Frequently Asked Questions
Can Human Head Lice Infest My Pets?
No, human lice (Pediculus Humanus Capitis) cannot infest pets such as cats or dogs. They are specific to humans and cannot survive on other animals. Pets can have their own species-specific lice, but these are different from human lice and do not typically infest humans.
How Long Does It Take for Lice to Die Off Once They Are off the Human Head?
Lice can only survive for 24 hours once they are removed from a human head, so as long as you clean your home within this timeframe, you should effectively get rid of any lice that may have fallen off the affected person’s head.
Can I Get Head Lice From My Furniture or Carpet?
It’s unlikely to get head lice from furniture or carpet, as lice can only live for about 1-2 days without a host. However, it’s still important to clean these surfaces to remove any lice or nits that may have fallen off the scalp.
Do I Need to Use a Special Lice-Killing Product to Clean My House?
While there are products specifically marketed for cleaning after a head lice infestation, such as sprays and powders, they are not necessary.
Regular cleaning methods, such as washing bedding in hot water and vacuuming, are effective in removing lice and nits from the home. However, some people may prefer to use these products for extra peace of mind.
Can I Use Bleach to Clean My House After Head Lice?
While bleach can be effective in killing lice and their eggs, it is not good to use it as a cleaning solution in your home after a head lice infestation.
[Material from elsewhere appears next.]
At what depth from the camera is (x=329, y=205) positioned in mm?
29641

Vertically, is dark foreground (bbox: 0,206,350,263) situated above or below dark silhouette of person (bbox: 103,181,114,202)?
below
It is not safe for use on many household items, such as upholstered furniture and bedding, as it can discolor and weaken these materials.
Can I Prevent Head Lice in the First Place?
While it’s not always possible to prevent head lice, there are some steps you can take to reduce the risk of infestation. Encourage family members to avoid sharing personal items like combs, brushes, hats, and headphones. Keep long hair tied back, especially during activities like sports or playing with other children.
How Long Do I Need to Clean for After Head Lice?
It’s important to thoroughly clean your house after a head lice infestation to prevent re-infestation. The amount of time needed for cleaning can vary depending on the severity of the infestation and the size of your home. However, a thorough cleaning should take at least a few hours.